**DIRECTIONS FOR THIS TASK**
Transcribe all data verbatim. Skip the pictures.
[[ DATA EXCERPT, beginning ]]
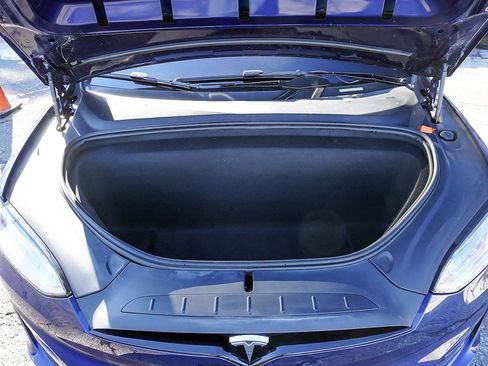 Used 2022 Tesla Model X Base image 23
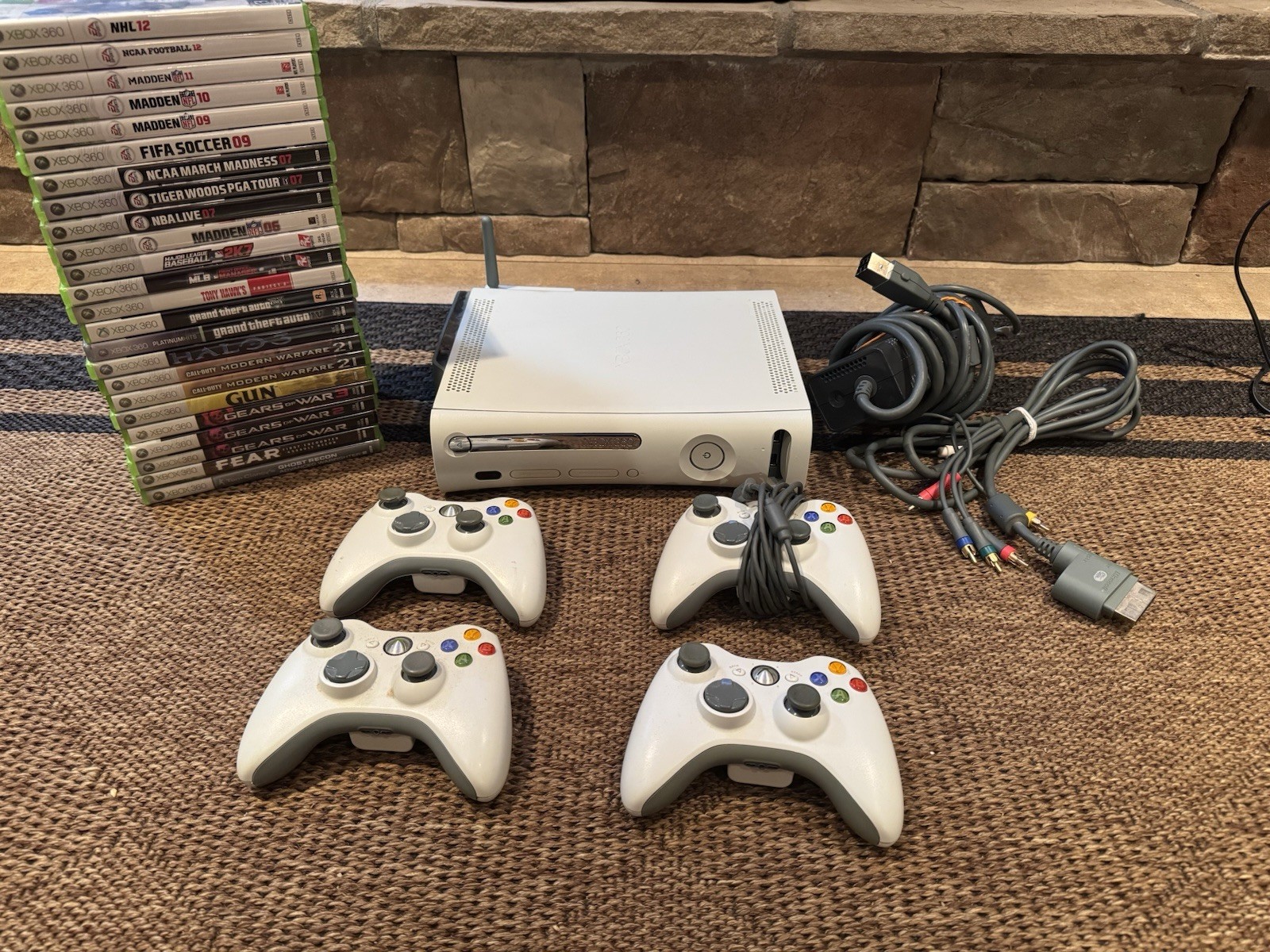 *Bundle *Lot Microsoft Xbox 360 White Console 1 remote 10 Games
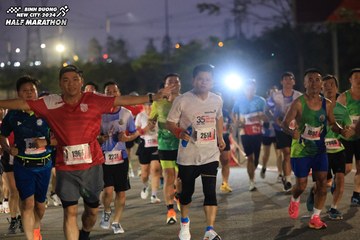 BINH DUONG NEW CITY HALF MARATHON 2024 - Ảnh #1741267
[[ DATA EXCERPT, end ]]
**EXPECTED OUTPUT**
 Used 2022 Tesla Model X Base image 23
 *Bundle *Lot Microsoft Xbox 360 White Console 1 remote 10 Games
 BINH DUONG NEW CITY HALF MARATHON 2024 - Ảnh #1741267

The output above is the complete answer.